Renacer no es empezar de cero, es mirarse de nuevo cada día. Vivimos rodeados de calendarios llenos de fechas importantes, de celebraciones marcadas en rojo, de momentos a los que les colgamos la etiqueta de “especiales”. Pero Cristian Argüello Gómez propone mirar la vida desde otro ángulo, uno menos solemne y mucho más real. Para él, la espiritualidad no ocurre solo en Navidad, en un cumpleaños o en un ritual concreto. Ocurre cada día.

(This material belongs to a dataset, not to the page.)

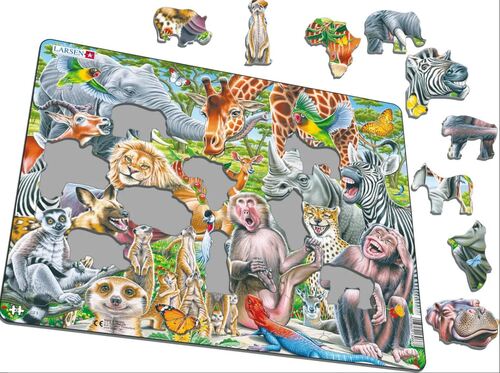 Puzzle Šťastne africké zvieratka - Selfie Larsen CZ3-ZZ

O no ocurre.
Su mensaje es sencillo y, a la vez, exigente: cada mañana es una oportunidad para volver a empezar por dentro. Sin fuegos artificiales. Sin grandes promesas. Solo con presencia. “Creo que todos los días tenemos que renacer, todos los días tenemos algo nuevo que aprender”, dice. Y cuando lo escuchas, algo se recoloca. Porque es verdad: la vida no avisa. No garantiza mañanas. Por eso, agradecer, amar o estar despiertos no debería aplazarse. “Todos los días son días para agradecer, porque uno no sabe cuándo es el último”.
La vida no castiga: enseña

Una de las ideas que más se repite en su mirada es esta: la vida es una escuela. No una escuela amable todo el tiempo, pero sí profundamente pedagógica. Nada ocurre porque sí. Los problemas no son errores del sistema, sino materias pendientes que regresan hasta que se comprenden. “Todo el trabajo que tenemos que hacer es interno”, insiste.
Desde ahí, el bienestar deja de depender de la suerte o de que todo salga como esperamos. Depende de cómo interpretamos lo que sucede. No se trata de negar el dolor —eso sería poco honesto—, sino de atravesarlo sin expectativas rígidas, con la certeza de que incluso lo incómodo trae un aprendizaje. “No vinimos solo a divertirnos”, recuerda Argüello. “Vinimos a evolucionar”. Y esa evolución, casi siempre, incomoda un poco.
La muerte como cambio de forma, no como final

Hablar de la muerte nunca es fácil. Cristian no la esquiva, pero la mira desde un lugar distinto. Para él, la muerte no es un final, sino un cambio de estado de la misma esencia que somos. Esta forma de entenderla transforma por completo el duelo.
“El duelo hay que vivirlo”, aclara, “pero no desde el reclamo”. El dolor está. La tristeza también. Pero propone algo que descoloca: cambiar el llanto de reproche por un llanto de gratitud. Agradecer el tiempo compartido, aunque haya sido breve. “Gracias Dios, fueron quince años felices de mi vida”, ejemplifica. No elimina la pena, pero la vuelve más habitable. Más suave. Menos destructiva.
Desde esta comprensión, incluso las pérdidas más duras pueden resignificarse. “¿Qué es lo peor que nos puede pasar? Que nos morimos. Y como la muerte no existe… ¿cuál es el problema?”, dice, sabiendo que suena provocador. Pero no lo dice desde la negación, sino desde una confianza profunda en que todo lo que sucede, al final, tiene un sentido.
Intuición, coherencia y mirar hacia dentro

Cristian habla mucho de la intuición. De esa voz baja que todos tenemos y que no siempre escuchamos. “A todos los seres humanos la intuición nos habla; la diferencia es quién la escucha”. También menciona lo que llama “diocidencias”: esas coincidencias que parecen casuales, pero que aparecen cuando uno está alineado consigo mismo.
Habla de guías, sí, pero con una aclaración importante: respetan el libre albedrío. “No intervienen si no se les pide ayuda”. No hacen el trabajo por nosotros. Acompañan, pero no interfieren en el proceso de aprendizaje.
Y aquí llega una de sus ideas más terrenales: la espiritualidad se mide en resultados. No en discursos. La coherencia se refleja en cuatro áreas muy concretas: salud, finanzas, relaciones y satisfacción personal. Si algo no fluye, la invitación no es mirar fuera, sino revisar dentro. “La maestría empieza cuando dejamos de corregir al otro y empezamos a mirarnos”.